Давно ль с восторгом молодым
Я мыслил имя роковое
Предать развалинам иным?
Но в сердце, бурями смиренном,
Теперь и лень и тишина,
И в умиленье вдохновенном,
На камне, дружбой освященном,
Пишу я наши имена.
То, что было сказано с пафосом, теперь произносится с иронией. Чаадаеву было обещано, что потомки напишут “наши имена” на “обломках самовластья”, – теперь поэт сам пишет их “на камне, дружбой освященном”. Причем пишет не в революционном порыве, а в “умиленье вдохновенном”[7]; лень и тишина в нем и вокруг него. Он проводит стилистическую границу: вот как пишу я, когда говорю от себя, а вот как я писал, когда говорил от Чаадаева. Завострять заимствованные мысли – сколько угодно; обслуживать чужие взгляды – никогда. Так в незавершенной повести “Египетские ночи” (1835) импровизатор подхватывает предложенную публикой тему, но остается полностью свободным: “толпа не имеет права управлять его вдохновением”.
В итоге Пушкин, как сказано в послании апостола, “для… сделался всем…”. И следовал законам, “над собою признанным”: всех
поэзия просторнее политики;
“как” для нее важнее, чем “кто” и “о чем”;
подхватывать чужие мысли и слова – правильно;
но только если ты подхватываешь сам, по доброй воле, не следуя партийным установкам.
Хорошо для стихов? Значит, годится для общества. Нет? Тем хуже для политики. Наставники не знали про “чужое слово” и были пока что довольны, но потом придет разочарование. Пушкин стал самим собой, далеким от надежд и планов окружения.

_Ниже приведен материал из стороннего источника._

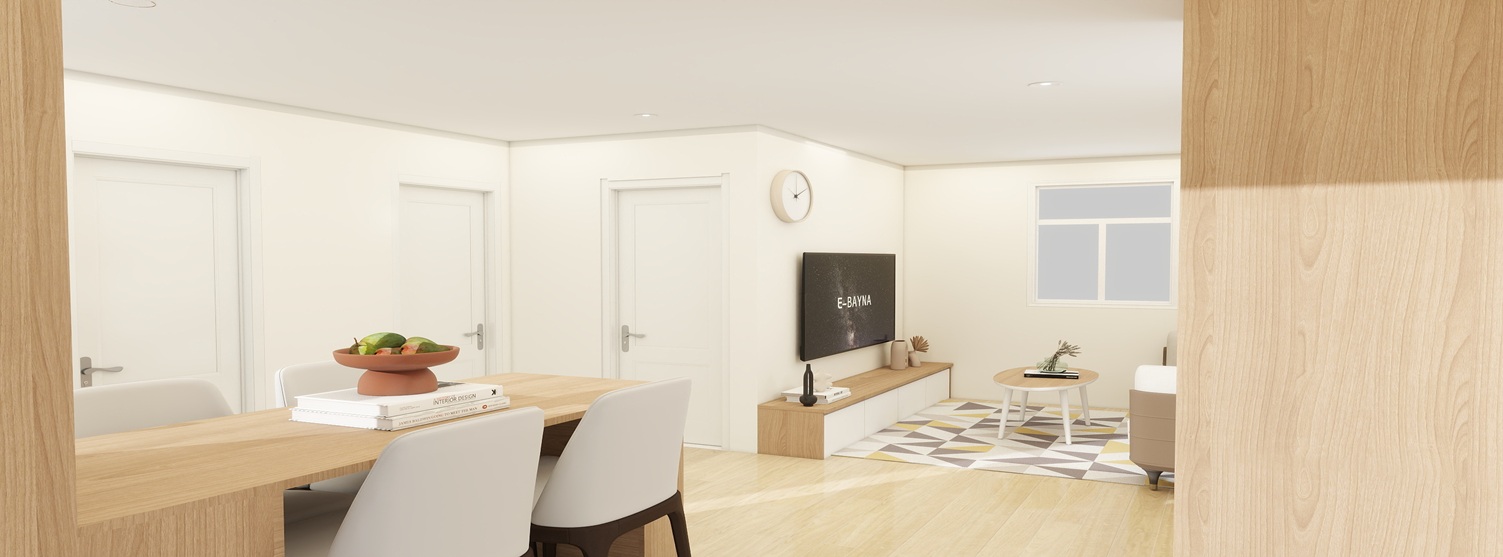 Pourquoi les maisons conteneurs extensibles à climat contrôlé représentent l'avenir de l'habitat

Однако система в детали вникать не желала и распутывать противоречия не собиралась. Выпускник лицея и сотрудник МИДа сочиняет смелые стихи, позволяет их распространять и питает возмутительные чувства – этого ему спустить нельзя.
Между 14 и 18 апреля санкт-петербургский военный генерал-губернатор граф Михаил Милорадович получил распоряжение от Государя – сделать у Пушкина обыск и арестовать его;
успевший уничтожить все улики, Пушкин явился к губернатору и благородно воспроизвел “опасные” стихи,
на что Милорадович, еще благородней, объявил ему прощение
от имени царя.
Александр Первый был не так миролюбив, он собирался сослать Пушкина в Сибирь или в Соловецкий монастырь, но вступился тот же Милорадович, при котором Глинка состоял чиновником по особым поручениям, стал плести интриги Чаадаев, замолвил слово Энгельгардт, подключился Карамзин, написавший “рябчику” Дмитриеву 19 апреля 1820 года: “служа под знаменами Либералистов, он [Пушкин] написал и распустил стихи на вольность, эпиграммы на властителей, и проч. и проч. Это узнала Полиция etc. Опасаются следствий. …из жалости к таланту, замолвил слово, взяв с него обещание уняться”.
Пушкин обещал историографу, что на два года прекратит писать антиправительственные стихи.
До сих пор задача, поставленная перед ним судьбой, была такой: соединить державное и личное, научиться говорить чужими голосами, не отказываясь от своего. Теперь его биографическая “подорожная” содержит другую задачу: жить на обочине, но сохраняться в центре. Современной поэзии, мира идей, политической жизни. И не потерять себя, свою “особость”.